### Data records:
########################################
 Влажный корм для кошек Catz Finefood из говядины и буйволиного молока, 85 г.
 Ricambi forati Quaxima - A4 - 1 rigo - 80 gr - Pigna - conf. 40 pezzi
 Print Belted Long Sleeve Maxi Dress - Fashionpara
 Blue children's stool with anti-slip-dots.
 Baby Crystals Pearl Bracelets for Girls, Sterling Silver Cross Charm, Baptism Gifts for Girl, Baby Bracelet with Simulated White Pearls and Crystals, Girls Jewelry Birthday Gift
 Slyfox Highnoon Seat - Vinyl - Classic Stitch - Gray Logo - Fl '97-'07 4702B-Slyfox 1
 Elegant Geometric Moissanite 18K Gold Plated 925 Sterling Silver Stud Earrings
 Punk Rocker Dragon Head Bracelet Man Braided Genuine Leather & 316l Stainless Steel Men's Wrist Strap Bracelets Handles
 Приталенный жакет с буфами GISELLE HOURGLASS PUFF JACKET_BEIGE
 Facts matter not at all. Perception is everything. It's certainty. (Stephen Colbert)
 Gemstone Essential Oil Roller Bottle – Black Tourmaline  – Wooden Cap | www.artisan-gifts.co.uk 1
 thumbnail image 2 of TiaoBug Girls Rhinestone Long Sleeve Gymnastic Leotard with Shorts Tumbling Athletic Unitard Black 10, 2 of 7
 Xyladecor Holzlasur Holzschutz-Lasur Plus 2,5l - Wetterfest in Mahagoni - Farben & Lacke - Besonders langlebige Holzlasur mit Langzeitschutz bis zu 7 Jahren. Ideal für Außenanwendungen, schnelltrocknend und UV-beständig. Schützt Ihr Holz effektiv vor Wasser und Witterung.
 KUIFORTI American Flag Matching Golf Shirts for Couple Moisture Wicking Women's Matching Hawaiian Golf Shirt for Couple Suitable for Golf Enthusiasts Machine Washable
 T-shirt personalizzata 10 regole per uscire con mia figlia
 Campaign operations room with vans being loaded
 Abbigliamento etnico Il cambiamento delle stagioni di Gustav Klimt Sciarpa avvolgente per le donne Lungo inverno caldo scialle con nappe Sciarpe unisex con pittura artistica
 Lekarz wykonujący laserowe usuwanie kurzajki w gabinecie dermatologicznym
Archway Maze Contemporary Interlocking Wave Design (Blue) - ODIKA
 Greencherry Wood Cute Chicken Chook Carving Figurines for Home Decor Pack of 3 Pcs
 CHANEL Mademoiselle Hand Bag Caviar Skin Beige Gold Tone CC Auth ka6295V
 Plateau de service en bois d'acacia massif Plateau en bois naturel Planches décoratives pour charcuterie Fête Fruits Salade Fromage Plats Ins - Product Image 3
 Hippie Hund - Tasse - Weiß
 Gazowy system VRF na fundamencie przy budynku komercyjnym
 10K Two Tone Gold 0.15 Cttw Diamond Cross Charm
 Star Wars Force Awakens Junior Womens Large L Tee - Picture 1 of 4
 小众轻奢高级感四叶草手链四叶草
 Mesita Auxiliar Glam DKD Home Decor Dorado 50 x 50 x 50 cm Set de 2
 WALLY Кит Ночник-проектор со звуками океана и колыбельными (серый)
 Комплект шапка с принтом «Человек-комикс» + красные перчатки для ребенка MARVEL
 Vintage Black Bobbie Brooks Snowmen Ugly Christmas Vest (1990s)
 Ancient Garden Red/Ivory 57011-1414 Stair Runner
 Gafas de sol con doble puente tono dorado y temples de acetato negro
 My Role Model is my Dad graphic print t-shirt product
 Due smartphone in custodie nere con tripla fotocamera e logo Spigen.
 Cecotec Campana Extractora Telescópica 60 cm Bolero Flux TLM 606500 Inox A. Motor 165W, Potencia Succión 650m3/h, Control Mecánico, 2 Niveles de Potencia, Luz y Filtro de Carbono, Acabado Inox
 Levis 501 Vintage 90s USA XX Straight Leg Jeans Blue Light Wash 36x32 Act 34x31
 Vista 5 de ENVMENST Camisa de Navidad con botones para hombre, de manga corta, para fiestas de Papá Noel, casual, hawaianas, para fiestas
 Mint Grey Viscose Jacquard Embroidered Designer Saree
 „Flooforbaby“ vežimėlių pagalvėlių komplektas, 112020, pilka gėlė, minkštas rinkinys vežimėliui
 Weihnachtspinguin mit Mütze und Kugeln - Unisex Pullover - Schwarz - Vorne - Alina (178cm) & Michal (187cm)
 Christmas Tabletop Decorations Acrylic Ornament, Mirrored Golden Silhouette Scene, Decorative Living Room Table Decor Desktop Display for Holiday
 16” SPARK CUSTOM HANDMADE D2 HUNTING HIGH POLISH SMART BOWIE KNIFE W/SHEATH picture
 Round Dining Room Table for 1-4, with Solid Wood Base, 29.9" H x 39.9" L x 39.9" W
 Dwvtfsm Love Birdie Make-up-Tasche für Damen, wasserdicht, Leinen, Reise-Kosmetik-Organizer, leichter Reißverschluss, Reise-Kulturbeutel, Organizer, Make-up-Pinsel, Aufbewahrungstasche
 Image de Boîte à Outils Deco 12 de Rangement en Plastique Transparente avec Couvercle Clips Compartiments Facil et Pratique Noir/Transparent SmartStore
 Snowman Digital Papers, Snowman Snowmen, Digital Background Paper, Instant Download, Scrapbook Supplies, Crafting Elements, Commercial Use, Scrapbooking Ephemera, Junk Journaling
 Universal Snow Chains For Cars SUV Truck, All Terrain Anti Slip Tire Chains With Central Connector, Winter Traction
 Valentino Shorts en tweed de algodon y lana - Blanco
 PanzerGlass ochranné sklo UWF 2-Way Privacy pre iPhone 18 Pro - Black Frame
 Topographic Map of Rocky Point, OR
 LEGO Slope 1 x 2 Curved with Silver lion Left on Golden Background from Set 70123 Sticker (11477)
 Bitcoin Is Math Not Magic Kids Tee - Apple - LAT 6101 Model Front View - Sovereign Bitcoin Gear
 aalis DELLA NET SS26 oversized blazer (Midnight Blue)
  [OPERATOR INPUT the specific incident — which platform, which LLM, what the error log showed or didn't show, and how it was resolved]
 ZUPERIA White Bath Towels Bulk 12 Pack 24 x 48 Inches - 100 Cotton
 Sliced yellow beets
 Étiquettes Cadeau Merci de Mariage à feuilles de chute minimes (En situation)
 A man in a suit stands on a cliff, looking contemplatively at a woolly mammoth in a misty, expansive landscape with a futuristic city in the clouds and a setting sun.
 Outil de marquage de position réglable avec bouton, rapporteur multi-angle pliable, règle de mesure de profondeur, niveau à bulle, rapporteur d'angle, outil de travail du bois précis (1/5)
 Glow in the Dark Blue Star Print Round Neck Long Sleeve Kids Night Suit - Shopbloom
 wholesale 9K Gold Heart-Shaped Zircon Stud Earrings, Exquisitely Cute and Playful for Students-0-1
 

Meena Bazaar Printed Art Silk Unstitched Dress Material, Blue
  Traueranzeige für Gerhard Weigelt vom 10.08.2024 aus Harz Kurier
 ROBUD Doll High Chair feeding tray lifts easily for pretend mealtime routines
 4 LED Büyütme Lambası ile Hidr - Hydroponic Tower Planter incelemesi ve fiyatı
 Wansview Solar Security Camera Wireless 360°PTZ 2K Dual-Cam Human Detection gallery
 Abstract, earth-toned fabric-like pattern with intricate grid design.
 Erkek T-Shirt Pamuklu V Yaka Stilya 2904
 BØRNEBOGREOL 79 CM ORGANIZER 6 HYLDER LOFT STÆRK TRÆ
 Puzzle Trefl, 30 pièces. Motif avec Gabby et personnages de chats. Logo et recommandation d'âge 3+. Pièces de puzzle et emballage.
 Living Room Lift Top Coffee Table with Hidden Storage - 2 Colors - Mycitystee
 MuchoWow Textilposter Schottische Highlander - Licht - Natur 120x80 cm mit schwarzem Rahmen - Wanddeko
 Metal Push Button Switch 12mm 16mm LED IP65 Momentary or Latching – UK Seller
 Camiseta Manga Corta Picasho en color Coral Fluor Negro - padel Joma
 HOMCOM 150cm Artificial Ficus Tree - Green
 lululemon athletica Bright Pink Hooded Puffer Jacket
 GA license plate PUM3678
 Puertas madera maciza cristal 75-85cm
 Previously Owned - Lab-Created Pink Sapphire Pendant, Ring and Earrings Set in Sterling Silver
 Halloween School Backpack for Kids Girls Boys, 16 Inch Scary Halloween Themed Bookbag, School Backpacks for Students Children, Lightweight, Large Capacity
########################################
Could you retype exactly the lines above, starting at the line that contains "Meena Bazaar Printed" and ending at the line that contains "Camiseta Manga Corta", and nothing more?

Meena Bazaar Printed Art Silk Unstitched Dress Material, Blue
  Traueranzeige für Gerhard Weigelt vom 10.08.2024 aus Harz Kurier
 ROBUD Doll High Chair feeding tray lifts easily for pretend mealtime routines
 4 LED Büyütme Lambası ile Hidr - Hydroponic Tower Planter incelemesi ve fiyatı
 Wansview Solar Security Camera Wireless 360°PTZ 2K Dual-Cam Human Detection gallery
 Abstract, earth-toned fabric-like pattern with intricate grid design.
 Erkek T-Shirt Pamuklu V Yaka Stilya 2904
 BØRNEBOGREOL 79 CM ORGANIZER 6 HYLDER LOFT STÆRK TRÆ
 Puzzle Trefl, 30 pièces. Motif avec Gabby et personnages de chats. Logo et recommandation d'âge 3+. Pièces de puzzle et emballage.
 Living Room Lift Top Coffee Table with Hidden Storage - 2 Colors - Mycitystee
 MuchoWow Textilposter Schottische Highlander - Licht - Natur 120x80 cm mit schwarzem Rahmen - Wanddeko
 Metal Push Button Switch 12mm 16mm LED IP65 Momentary or Latching – UK Seller
 Camiseta Manga Corta Picasho en color Coral Fluor Negro - padel Joma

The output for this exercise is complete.